Want natuurlijk is er tussen het einde van de Bijbelse Joodse staat en 1948 in het Beloofde Land wel iets gebeurd.
In de 7e eeuw (634 na Chr.) hebben zich er Arabieren gevestigd.
Dat volk woont er medio 20e eeuw dus al zo’n 14 eeuwen.
Zeker, er hebben ook steeds Joden gewoond.
Maar aan het einde van de 4e eeuw maken zij bijvoorbeeld nog maar 10 tot 14 procent van de bevolking van Palestina uit.
En aan de vooravond van de Tweede Wereldoorlog, in 1939, bedraagt hun aantal 45.000, tegen zo’n miljoen in Palestina wonende Arabieren.
Je kunt op historische gronden dus moeilijk zeggen dat de Palestijnse Arabieren niet in het land horen.
Tijdens en na de oorlog komen uit o.a. Europa veel Joden het land binnen. De Britten willen strikte beperking: Witboek: 1939: in 5 jaar slechts 75.000. Maar dan veel spanningen: Arabieren tegen Britten, Joden tegen Britten (Joodse leger Haganna, later Irgoen.) Arabieren tegen Joden.

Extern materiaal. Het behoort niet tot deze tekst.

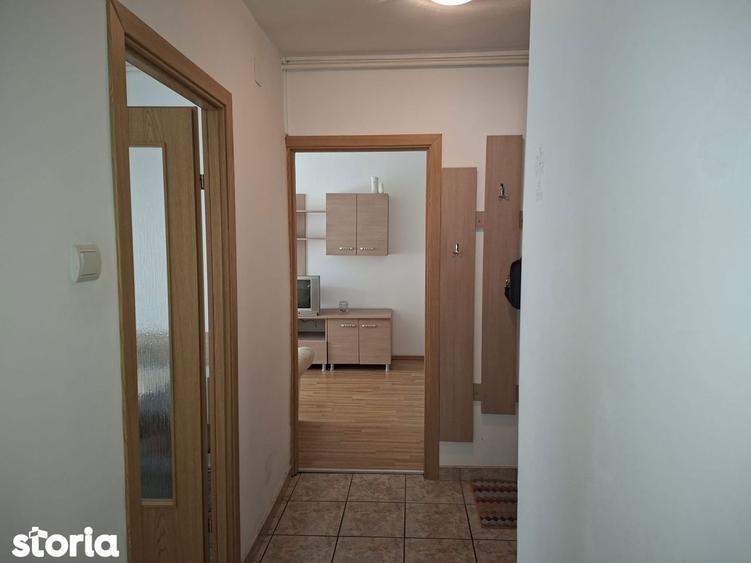 Apartament cu 3 camere decomandat în Ștrand
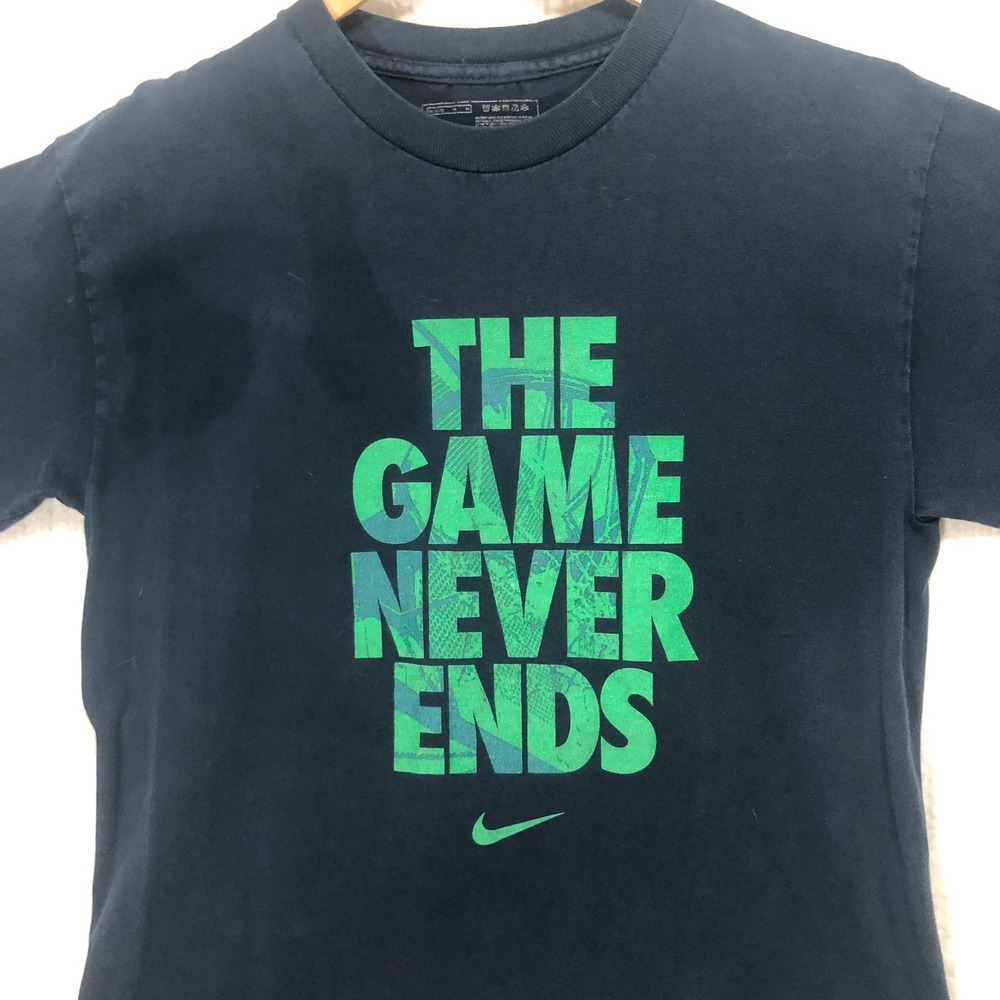 Nike Graphic T-Shirt The Game Never Ends Short Sleeve Tee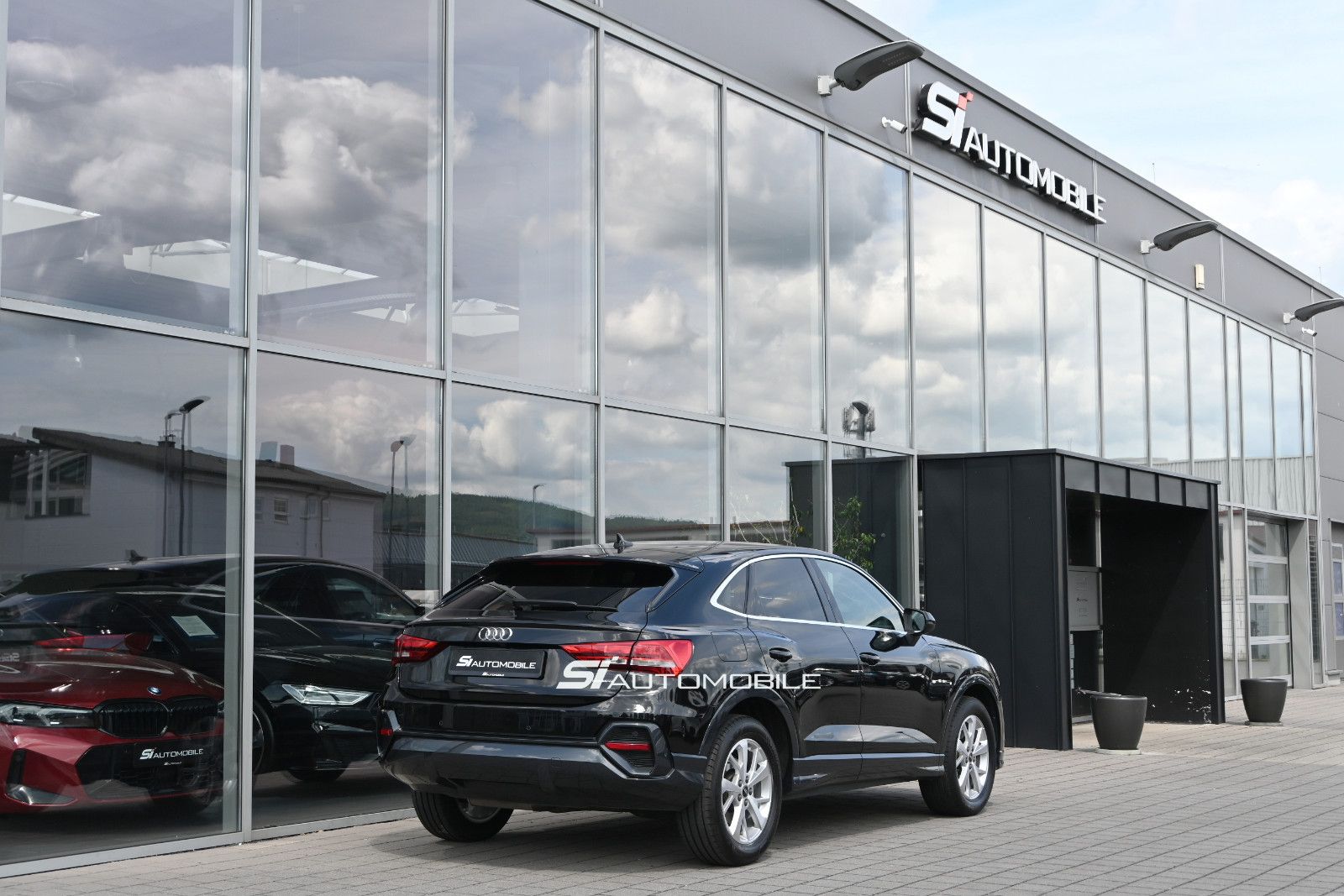 Fahrzeugabbildung Audi Q3 Sportback 40 TDI quattro S tr. °AHK°KAMERA°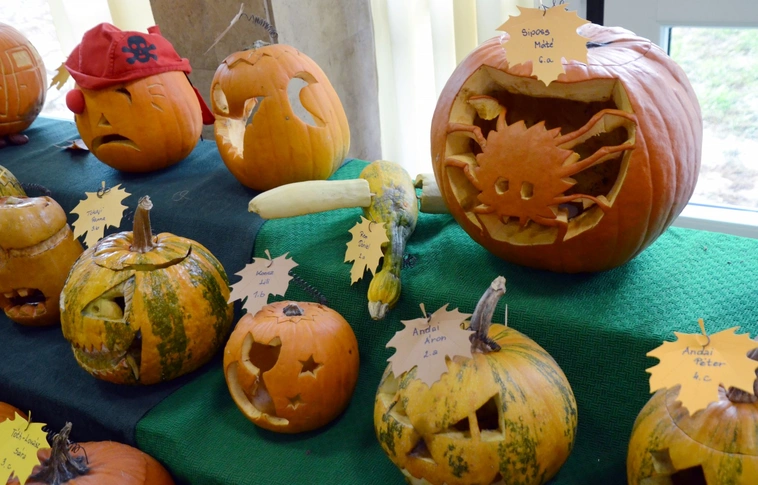 Halloween kiállítás a Fazekasban
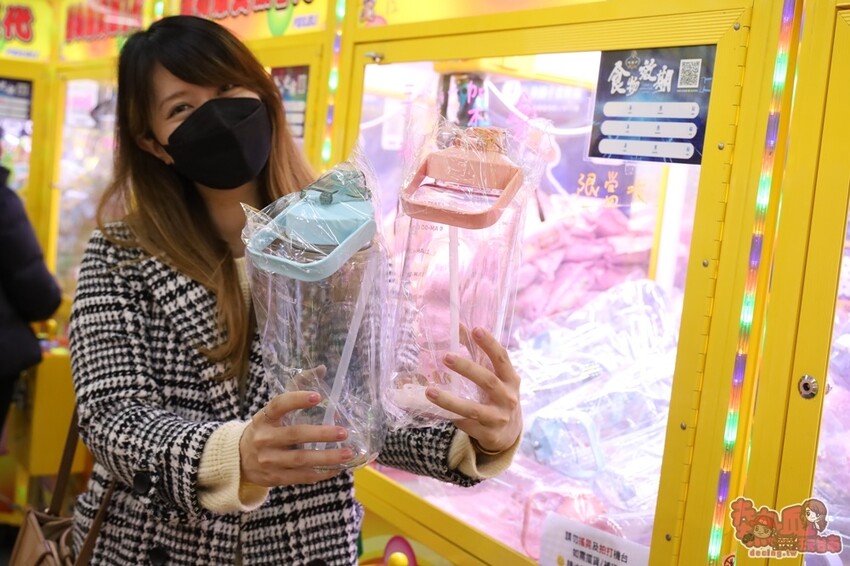 【台南娛樂】夾舖子遊樂園!復華夜市旁的24小時娃娃機店,讓你免費夾10次就是爽~ - 熱血玩台南。跳躍新世界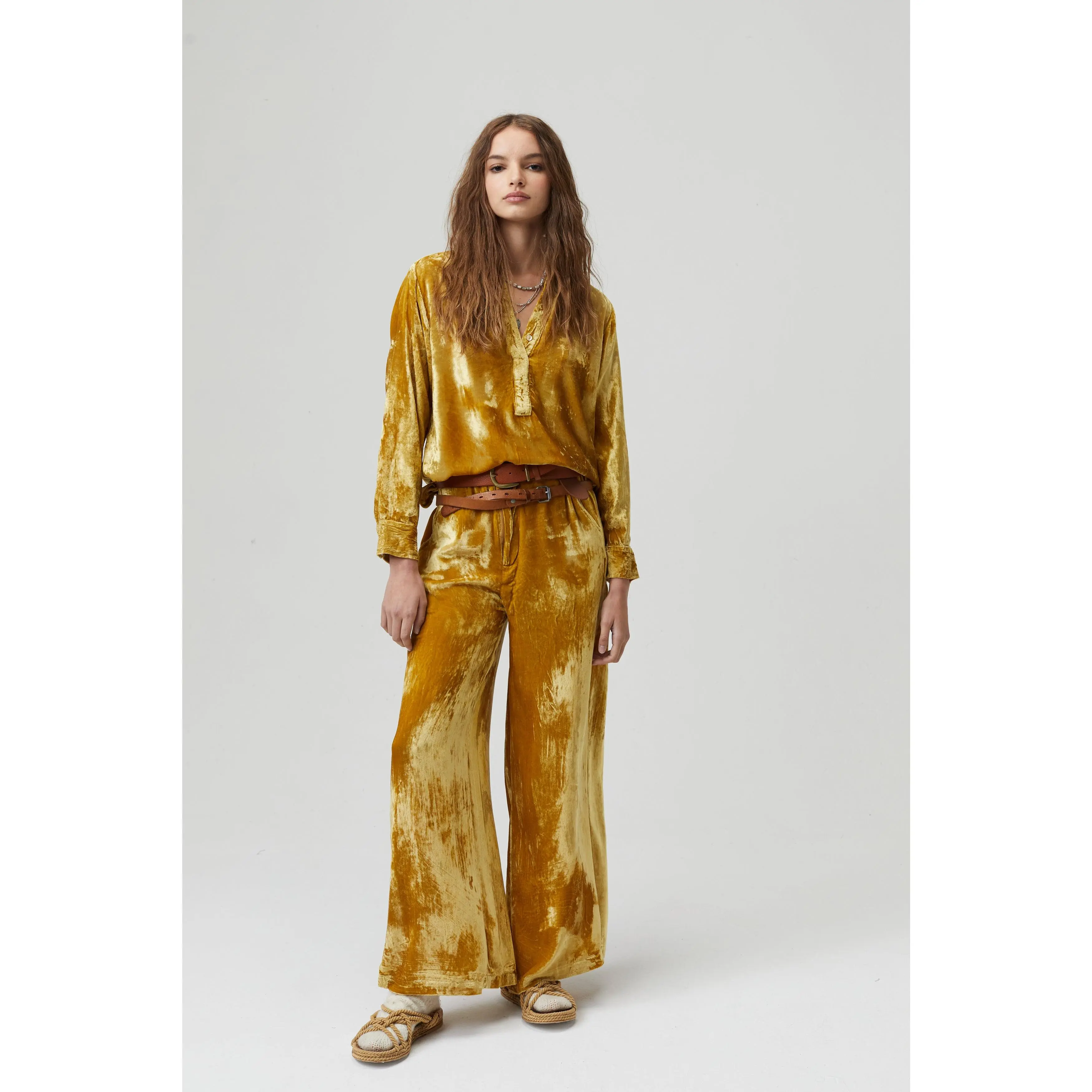 New Luna Velvet Pants - Mustard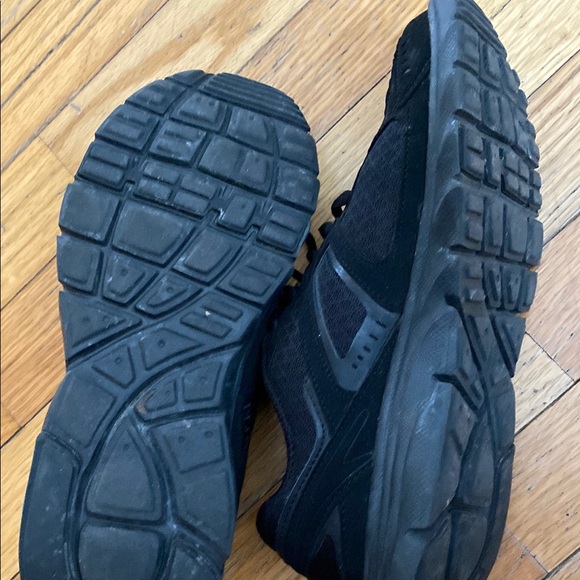 Dr. Scholl's Women's Black Sneakers - Picture 6 of 6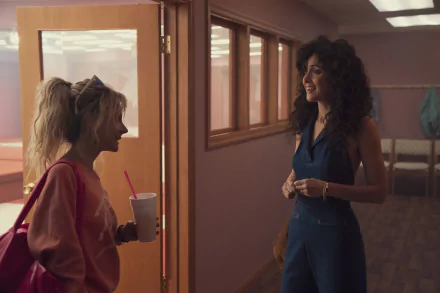 Rose Byrne TV Show Physical HD Desktop Wallpaper | Background Image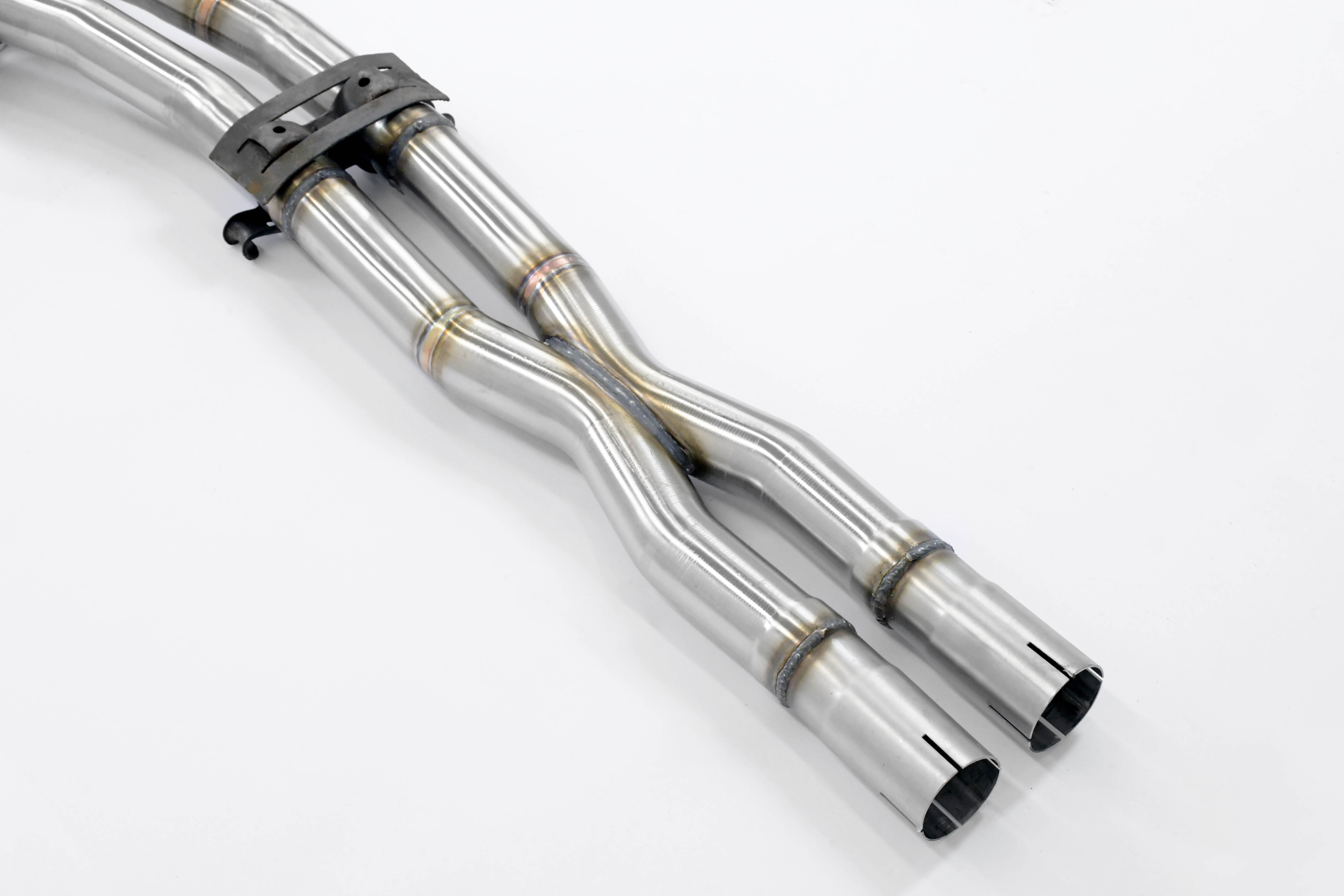 “X-Pipe” + Mittelschalldämpfer
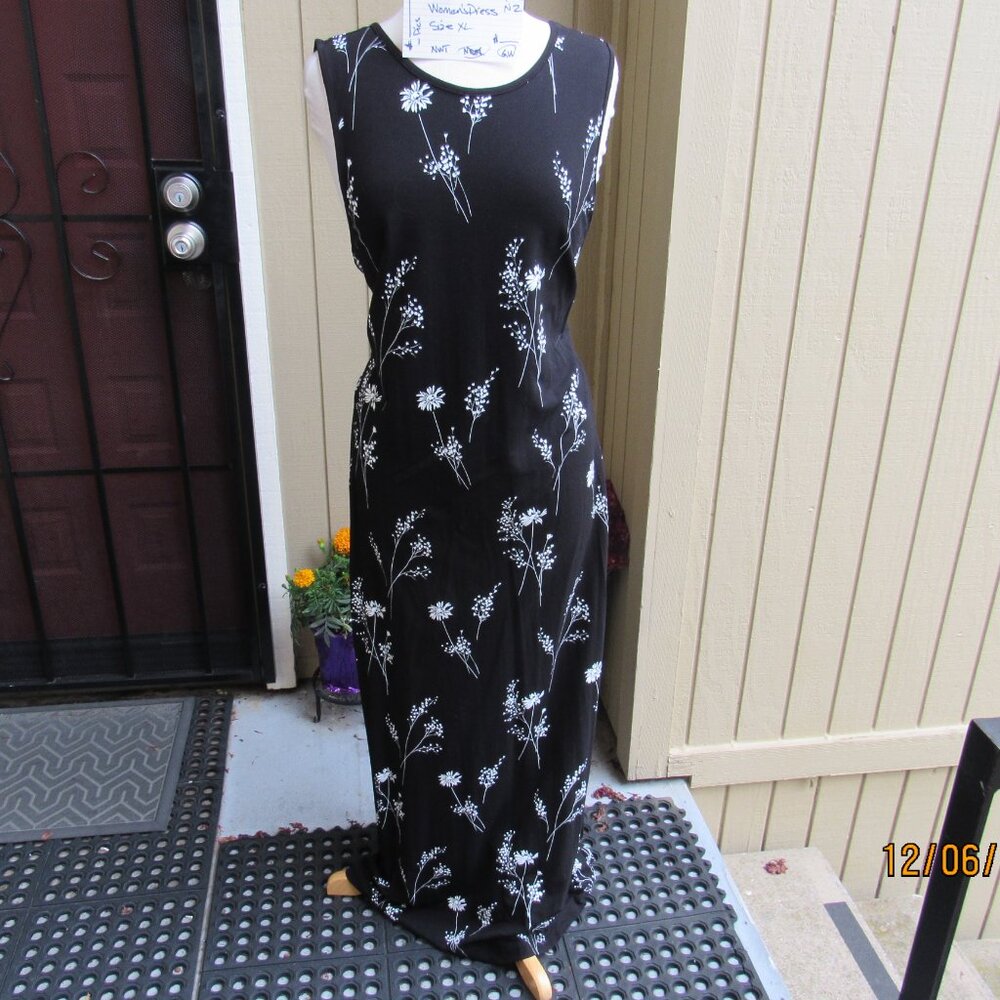 #678  NEW WOMAN'S LONG FLOWER PRINT BLACK DRESS BY LIZ CLAIBORNE  (SIZE XL)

Hoewel beide volken semitisch zijn, bestaan er grote culturele verschillen. Daarom is het een illusie te geloven dat zij ooit in één staat vreedzaam zullen kunnen samenwonen.
De meerderheid van de Arabieren is moslim. Voor de orthodoxen onder hen geldt dat Palestina tot de dar al-islam behoort, d.w.z. het huis van de islam. In hun visie is het onbestaanbaar dat een land dat ooit onder islamitische heerschappij stond, blijvend terugvalt in een voor-islamitische toestand.
Vandaar dat in 1947 door de Verenigde Naties voor een tweestatenoplossing wordt gekozen. Een Joodse naast een Arabische staat in Palestina.
Het vervolg is bekend. De Joden accepteren de deling van Palestina tegen heug en meug.
Maar Arabieren beginnen oorlog tegen het op 14 mei 1948 uitgeroepen Israël, zodra Britten het land verlaten hebben.
De Joden winnen die oorlog overtuigend.
Zij winnen ook de Zesdaagse Oorlog in 1967. Israël verovert de tot dan toe door Jordanië bestuurde gebieden Judea en Samaria, het oostelijk deel van Jeruzalem, de Sinaï op Egypte en de Golan Hoogvlakte op Syrië.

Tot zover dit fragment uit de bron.